En présence d’un épiscopat anglican peu sympathique et souvent hostile au Méthodisme, Wesley n’eut pas pu se soumettre, ce qui eût signifié se démettre de la vocation divine qu’il sentait toujours plus urgente. Le malheur à moi si je n’évangélise ! tenaillait sa conscience. Obéir à des évêques étrangers eux-mêmes à ce noble tourment, et s’enterrer dans une paroisse, il ne le pouvait ni ne le devait, et c’est alors que naquit, au hasard d’une lettre à un ami, cette devise, dans laquelle la postérité a vu le mot d’ordre de sa vie et de son ministère : Le monde est ma paroisse !

« Si vous me demandez, écrivait-il à cet ami du nom d’Edmonds (juin 1739), d’après quel principe j’agis, je vous réponds : Je désire être un chrétien… C’est pour obéir à ce principe que je suis allé en Amérique et que j’ai visité l’Église morave, et je suis prêt, toujours pour être fidèle à Dieu, d’aller en Abyssinie, en Chine, ou partout ailleurs où il plaira à Dieu de m’envoyer.

Jugez vous-même s’il est juste d’obéir à l’homme plutôt qu’à Dieu ? Je considère le monde entier comme ma paroisse, c’est-à-dire qu’en quelque endroit du monde que je me trouve, je crois que c’est mon droit et mon devoir stricts d’annoncer la Bonne Nouvelle du salut à tous ceux qui veulent m’entendre. »
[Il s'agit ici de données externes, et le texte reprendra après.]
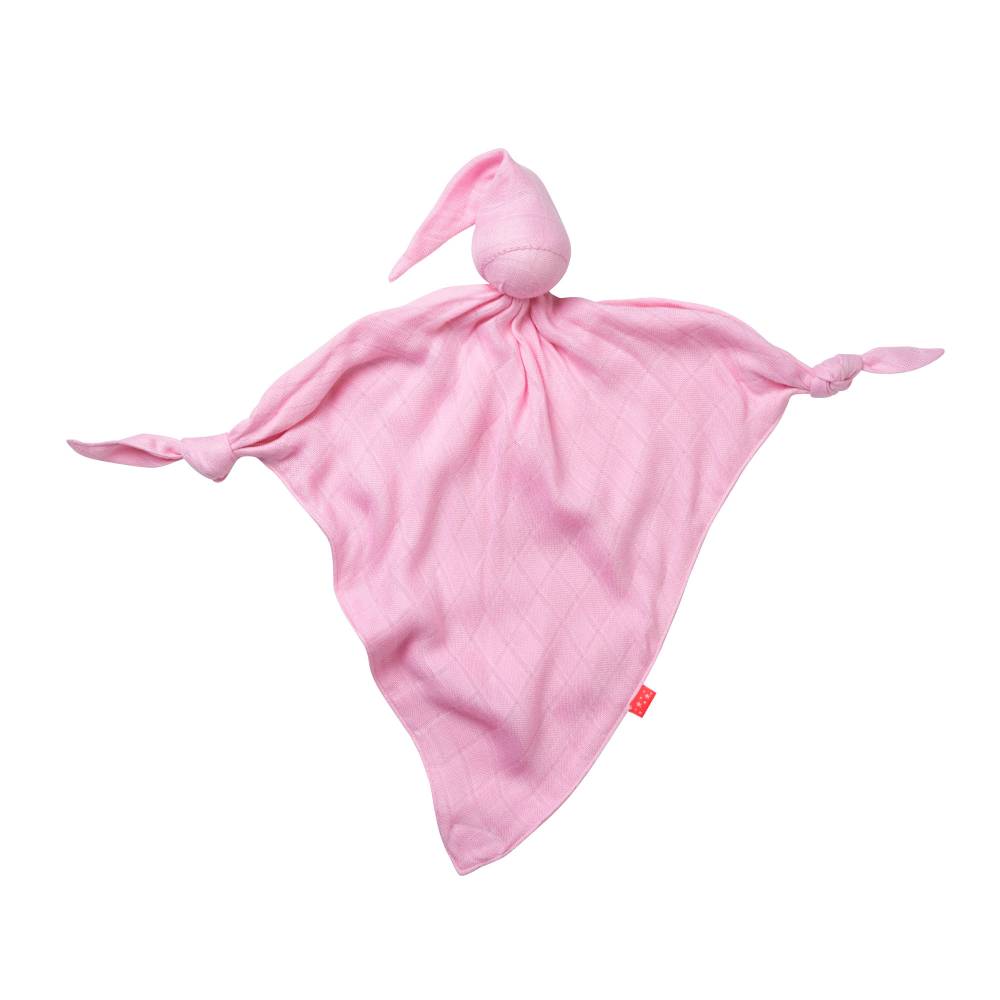 Pink Rose Mussi muslin Cuski on a white background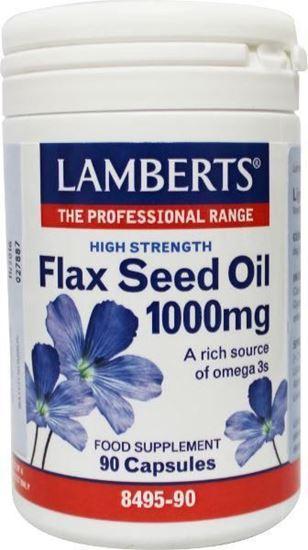 Afbeelding van Lamberts Lijnzaad (flax seed) 1000 mg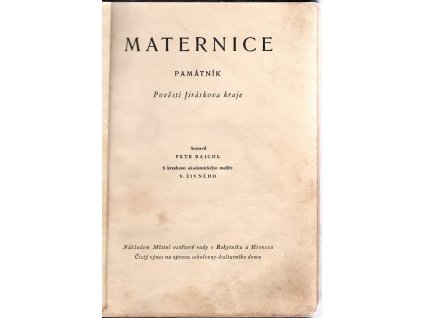 Maternice : Památník – Pověsti Jiráskova kraje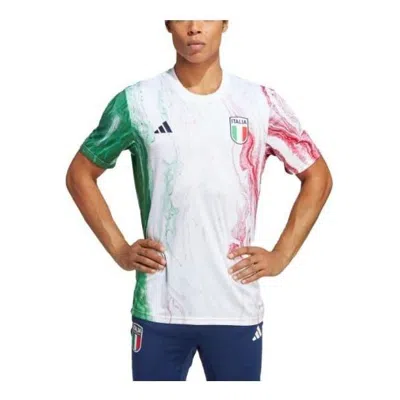 Adidas Originals Adidas Italy Pre-match Jersey 'green White Red'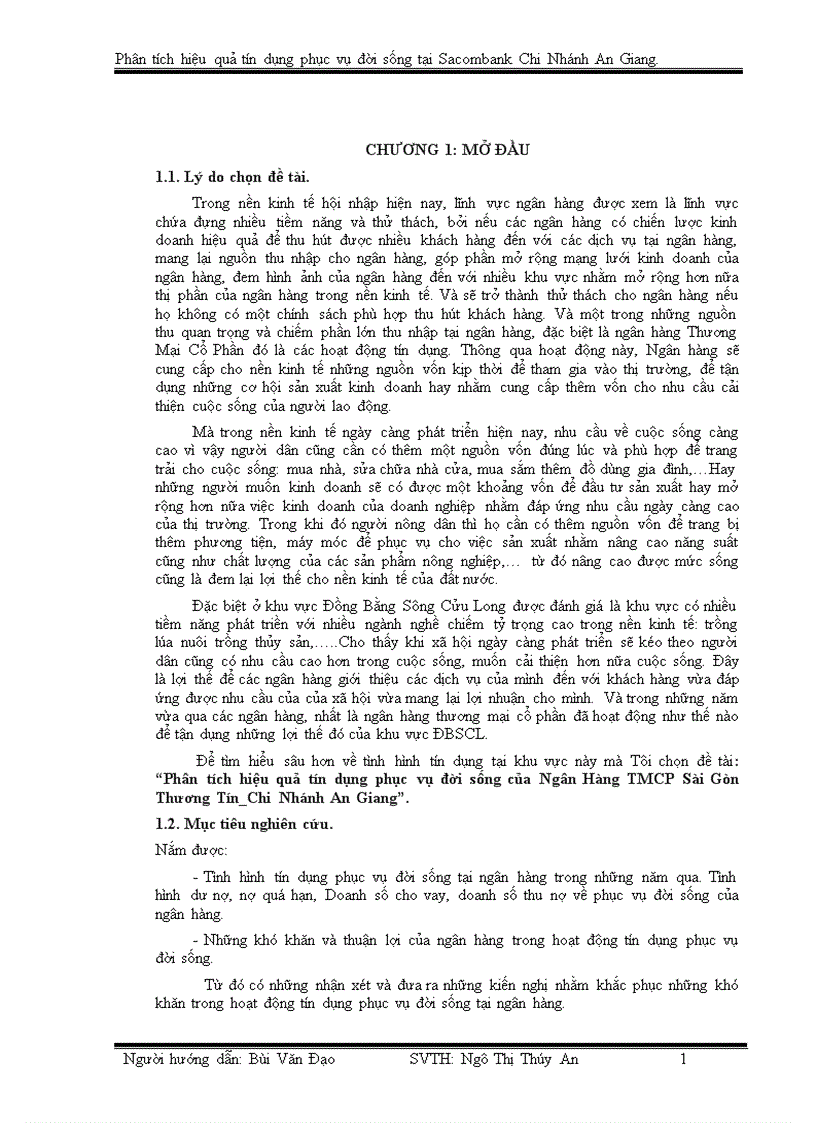 image for page Phân tích hiệu quả tín dụng phục vụ đời sống tại SACOMBANK Chi nhánh AG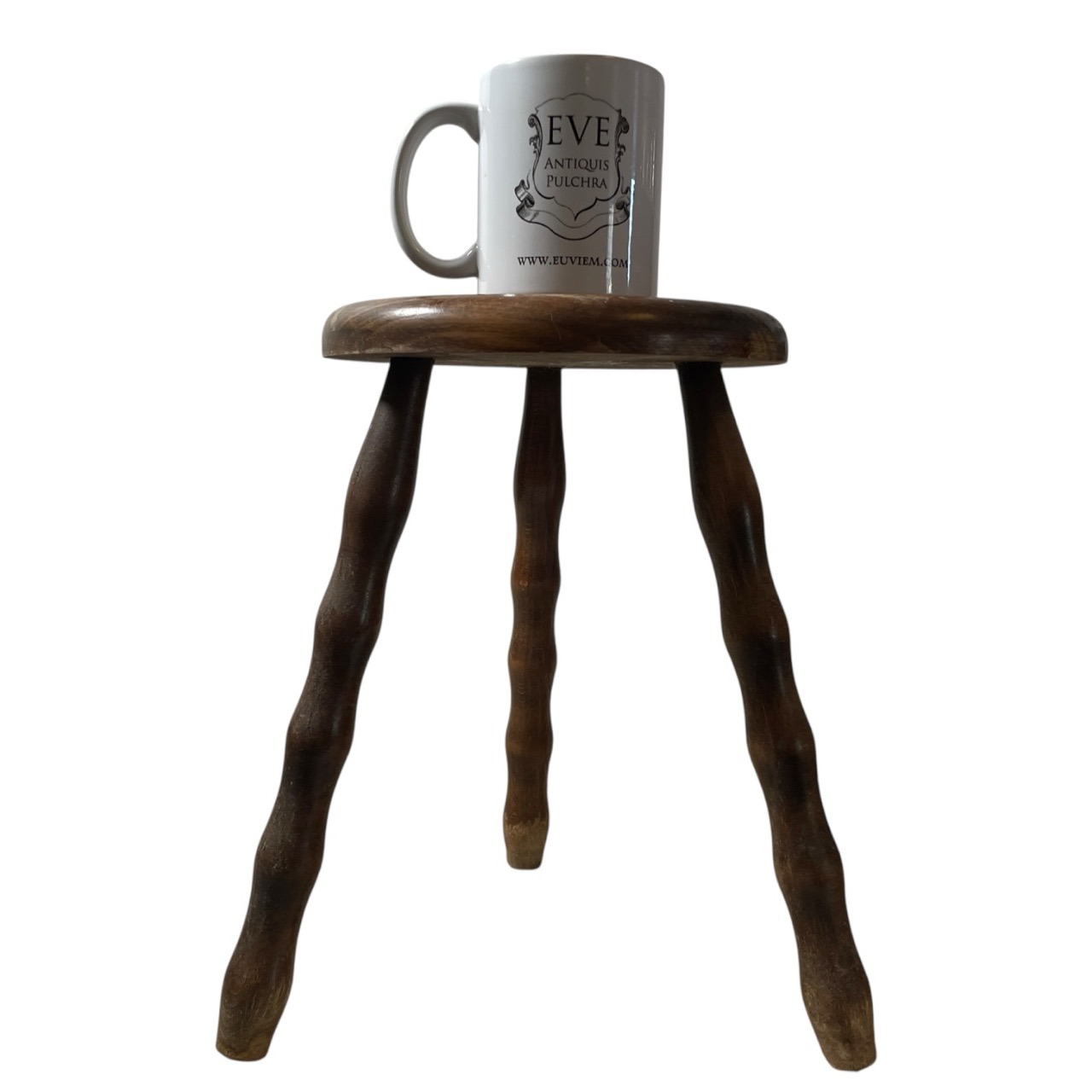 Vintage French Wooden Wood Milking Stool Seat Kitchen Table Farm Round Shaped Seat Plant Rest Stand Plinth Rustic Tabouret c1970’s 10 Vintage French Wooden Wood Milking Stool Seat Kitchen Table Farm Round Shaped Seat Plant Rest Stand Plinth Rustic Tabouret c1970's - Image 10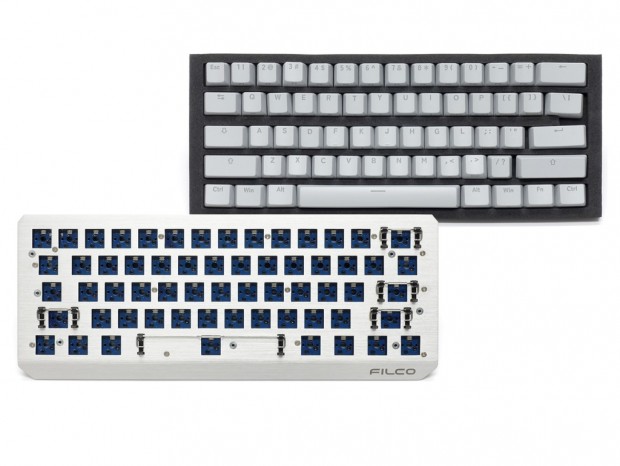 ダイヤテック、スイッチレスモデルもあるホットスワップ対応の60％キーボード「Majestouch Luce60」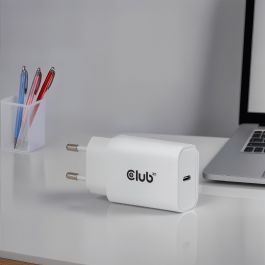Club3D CAC-3020 Cargador USB-C 30W para dispositivos electrónicos (2 unidades, blanco)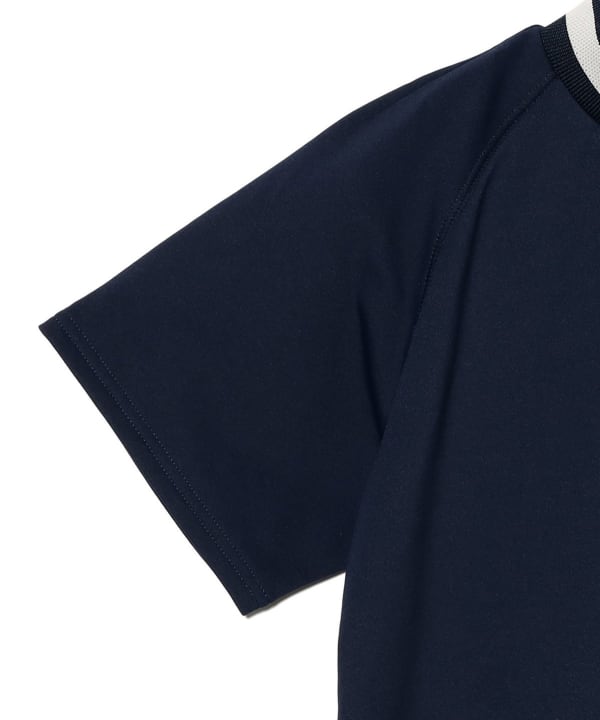 【+10%ポイントUP】ORANGE LABEL / ラグラン ミニ裏毛 モックネックシャツ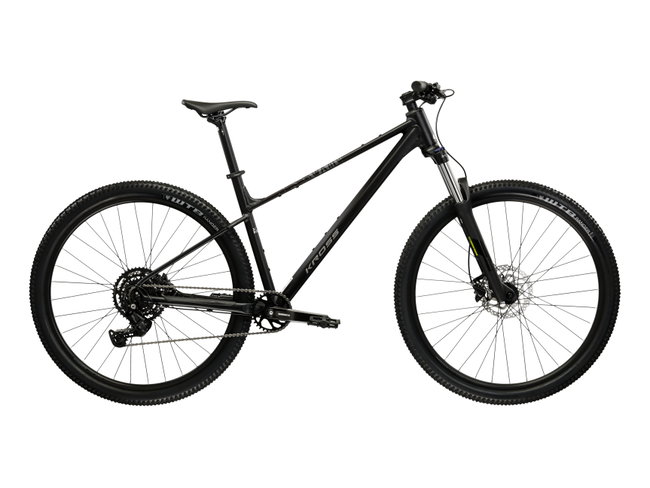 Bicicleta MTB Hardtail Kross Level X200 29 inch neagra / argintie Shimano Cues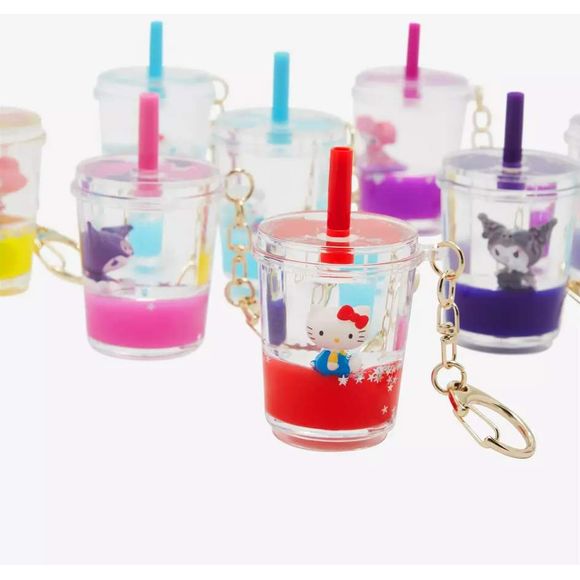 Tsunameez Sanrio Hello Kitty Boba Water Keychain Figure Blind - 1 Random | Galactic Toys & Collectibles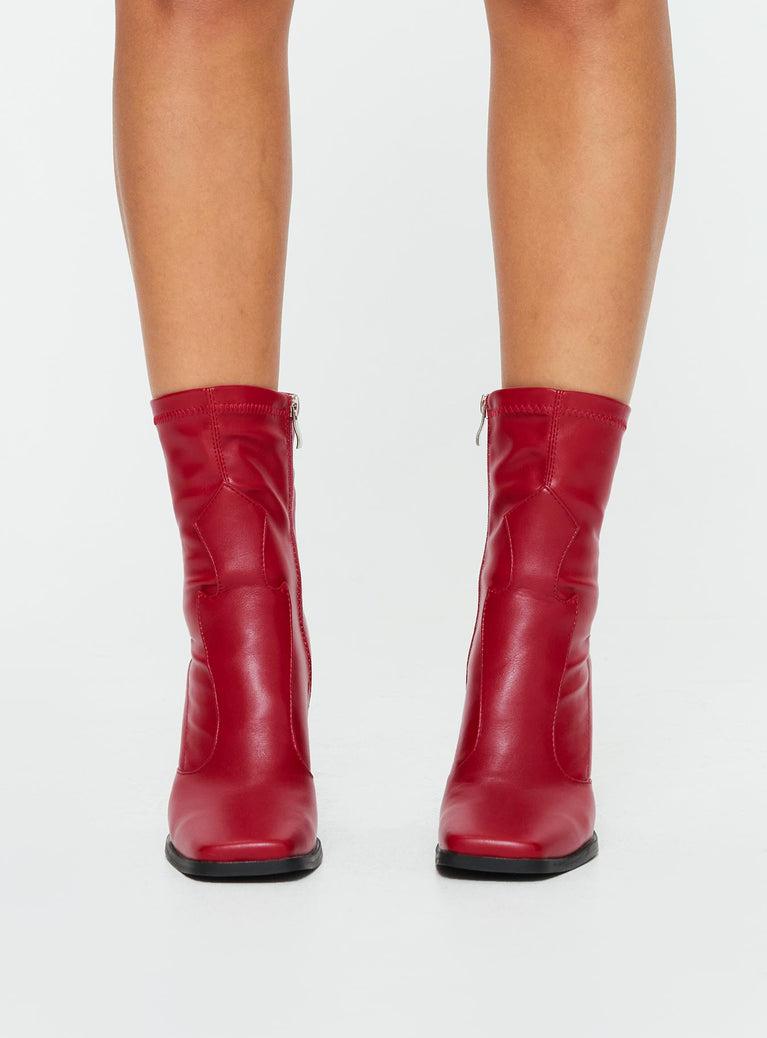 Hailee Boots Red Product Image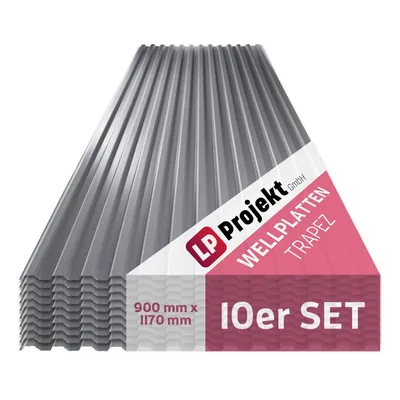 Produktbild von LP Projekt 10-teiliges wellplatten  90 x 117 cm - leicht & robust kunstoff wellplatten | Carport, Garten & Terrasse wetterfeste platten für außen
L’opposition du clergé eut un résultat auquel il ne s’attendait guère, celui de contraindre le Méthodisme à se créer les institutions qui allaient assurer sa durée. Le génie organisateur de John Wesley y eut une grande part, mais l’opposition des évêques et des ministres en fit une nécessité.

Chassés des églises, quels pouvaient être les refuges des Wesley et de George Whitefield ? Pendant l’année 1739, quatre ministres de Londres et quatre de la province seulement consentirent à laisser prêcher Wesley dans leurs chaires. La Parole de Dieu pouvait-elle être liée ? Non, non ! Si les églises dépendent des évêques, les champs et les places publiques sont au Seigneur. Comme nous allons le voir, Whitefield inaugura ce mode d’évangélisation à Kingswood, à Bristol et à Londres ; Wesley, après quelques hésitations, suivit son exemple. Dès lors, le champ principal d’activité des Méthodistes était trouvé, et leur prédication, transportée en plein air, devait gagner, en puissance, ce qu’elle perdrait en solennité.

Deux autres conditions furent imposées par la force des choses au réveil naissant. La première fut l’itinérance des prédicateurs, et la seconde fut la prédication laïque. On peut affirmer que, sans ces trois innovations, le réveil ne se serait pas produit, ou du moins il eût avorté misérablement.